Radiologists differed in their interpretations of mammograms
ACP J Club. 1995 May-June;122:74. doi:10.7326/ACPJC-1995-122-3-074
Elmore JG, Wells CK, Lee CH, Howard DH, Feinstein AR. Variability in radiologists' interpretations of mammograms. N Engl J Med. 1994 Dec 1; 331:1493-9.
To determine the extent of variability in radiologists' interpretations of mammograms.
Blinded comparison of the assessment of 150 mammograms analyzed within pairs of 10 radiologists.
Yale-New Haven Hospital.
Random sampling of mammograms done in 1987, weighted to include more patients with mammographic abnormalities and breast cancer. Radiographs were excluded (121 out of 271) if the women previously had breast cancer, if the 1987 mammogram was not definitively interpreted, or for technical reasons, leaving 150 mammograms: 27 from women with breast cancer and 123 from women without breast cancer. The 10 board-certified radiologists who participated (7 private and 3 university) had a median of 7 years' experience (range 1.5 to 20 y) reading mammograms.

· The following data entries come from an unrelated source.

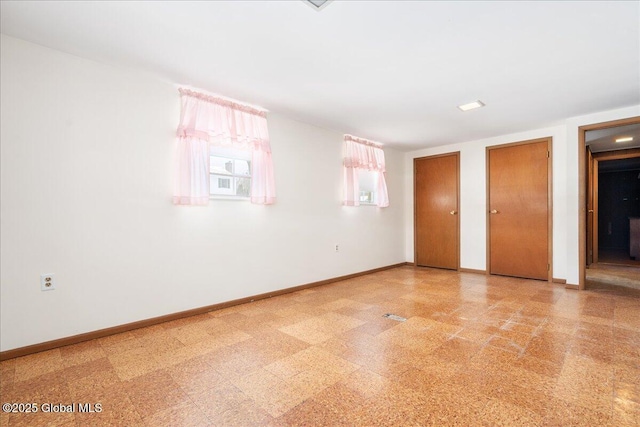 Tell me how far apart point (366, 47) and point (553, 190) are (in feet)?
13.1

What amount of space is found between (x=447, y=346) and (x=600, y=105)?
11.8 feet

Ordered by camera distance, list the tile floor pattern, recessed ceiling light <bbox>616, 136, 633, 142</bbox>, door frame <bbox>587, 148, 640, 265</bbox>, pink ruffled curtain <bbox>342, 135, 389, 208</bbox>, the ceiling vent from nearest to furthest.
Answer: the tile floor pattern → the ceiling vent → pink ruffled curtain <bbox>342, 135, 389, 208</bbox> → recessed ceiling light <bbox>616, 136, 633, 142</bbox> → door frame <bbox>587, 148, 640, 265</bbox>

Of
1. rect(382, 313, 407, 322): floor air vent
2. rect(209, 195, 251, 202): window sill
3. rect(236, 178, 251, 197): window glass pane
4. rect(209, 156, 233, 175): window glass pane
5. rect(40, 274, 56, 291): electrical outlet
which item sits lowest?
rect(382, 313, 407, 322): floor air vent

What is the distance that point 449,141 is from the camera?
532cm

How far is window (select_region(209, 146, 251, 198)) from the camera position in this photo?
130 inches

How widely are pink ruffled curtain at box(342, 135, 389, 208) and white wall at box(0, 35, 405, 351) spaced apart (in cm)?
146

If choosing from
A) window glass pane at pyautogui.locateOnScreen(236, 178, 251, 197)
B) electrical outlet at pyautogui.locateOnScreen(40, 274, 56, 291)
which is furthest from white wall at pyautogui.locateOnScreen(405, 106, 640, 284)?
electrical outlet at pyautogui.locateOnScreen(40, 274, 56, 291)

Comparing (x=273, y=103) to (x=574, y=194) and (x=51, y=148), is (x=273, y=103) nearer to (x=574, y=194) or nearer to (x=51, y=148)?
(x=51, y=148)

Description of test and diagnostic standard
Each radiologist independently read the 150 mammograms on 2 occasions, 5 months apart. 50 films shown with only the patient's age were used to assess intraobserver variability. At the first reading, half of the remaining films were shown with detailed clinical histories; but at the second reading, only patient age was shown. This sequence was reversed for the other half. Breast cancer was confirmed histopathologically. The absence of breast cancer required an absence of clinical and mammographic evidence after 3 years of follow-up.
Main outcome measures
Agreement among radiologists for film observations, diagnostic interpretation (4 categories from "normal" to "suggestive of cancer"), and recommendations for management (5 categories from "routine follow-up" to "biopsy").

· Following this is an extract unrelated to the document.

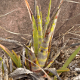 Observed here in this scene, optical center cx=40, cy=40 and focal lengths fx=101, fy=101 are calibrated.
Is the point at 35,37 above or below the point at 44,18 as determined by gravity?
below

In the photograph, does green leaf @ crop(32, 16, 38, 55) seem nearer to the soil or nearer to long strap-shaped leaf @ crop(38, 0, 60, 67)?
long strap-shaped leaf @ crop(38, 0, 60, 67)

The median weighted agreement for interobserver variability was 79% for diagnostic interpretations (range 71% to 82%) and 85% (range 65% to 91%) for the recommendation of a biopsy. The corresponding median kappa values were 0.47 (range 0.31 to 0.55) for diagnostic interpretation and 0.49 (range 0.20 to 0.69) for biopsy recommendations. The diagnostic interpretations of the 10 radiologists had a median sensitivity of 70% and a median specificity of 94%. The frequency of recommendations for an immediate workup ranged from 74% to 96% for mammograms from women with breast cancer and from 11% to 65% for films from the women without breast cancer. Substantial disagreements occurred in 2% of the radiologist pairs for diagnostic interpretation (normal vs suggestive of cancer) and in 3% of the radiologist pairs and 9% of the per-patient comparisons for recommendation of biopsy (routine follow-up vs biopsy).
Radiologists differed, sometimes substantially, in their interpretations of mammograms and in their recommendations for management.

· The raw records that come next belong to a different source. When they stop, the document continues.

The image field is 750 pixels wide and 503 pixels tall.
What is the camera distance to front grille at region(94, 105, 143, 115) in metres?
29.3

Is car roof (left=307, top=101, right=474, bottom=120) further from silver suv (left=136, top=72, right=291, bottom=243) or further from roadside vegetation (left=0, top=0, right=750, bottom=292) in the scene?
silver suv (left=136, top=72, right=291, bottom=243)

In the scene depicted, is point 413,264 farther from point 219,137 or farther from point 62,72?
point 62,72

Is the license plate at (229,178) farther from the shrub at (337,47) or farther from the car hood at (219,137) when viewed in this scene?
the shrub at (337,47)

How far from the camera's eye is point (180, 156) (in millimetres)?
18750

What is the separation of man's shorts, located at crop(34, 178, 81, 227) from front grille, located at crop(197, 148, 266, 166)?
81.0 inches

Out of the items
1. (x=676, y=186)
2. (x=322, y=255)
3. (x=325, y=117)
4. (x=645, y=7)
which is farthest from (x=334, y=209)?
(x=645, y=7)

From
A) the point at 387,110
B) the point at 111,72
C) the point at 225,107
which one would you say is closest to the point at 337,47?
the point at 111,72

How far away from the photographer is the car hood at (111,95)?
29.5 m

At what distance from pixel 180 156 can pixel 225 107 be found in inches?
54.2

Sources of funding: American Cancer Society and Robert Wood Johnson Clinical Scholars Program.
For article reprint: Dr. J.G. Elmore, University of Washington School of Medicine, 1959 North East Pacific St, Room BB527E, Seattle, WA 98195-6429, USA. FAX 206-616-5365.
This complex study of variability in mammographic interpretation brings to light, once again, the degree of uncertainty inherent in the results of many screening and diagnostic tests. The lack of a clinical history for two thirds of the study patients does not mirror clinical practice, nor does the relatively high proportion of cancers and benign abnormalities. This variability, however, has been documented for mammography (1, 2) and clearly persists despite technical improvements. In the study by Elmore and colleagues, radiologists who most often recommended biopsy for women with breast cancer also most often recommended it for women without cancer. Thus, sensitivity is increased at the cost of decreased specificity and higher rates of unnecessary biopsies.
Many primary care physicians may be shaken by the finding that radiologists in this study only showed about a 50% agreement beyond chance. Physicians do both themselves and their patients a disservice by not making the limitations of screening and diagnostic testing clear. Misguided belief in the infallibility of medical testing only leads to painfully shattered illusions.
Joy Melnikow, MD, MPH
University of California, DavisSacramento, California, USA
2. Harvey JA, Fajardo LL, Innis CA. Previous mammograms in patients with impalpable breast carcinoma: retrospective vs blinded interpretation. 1993 ARRS President's Award. AJR Am J Roentgenol. 1993;161:1167-72.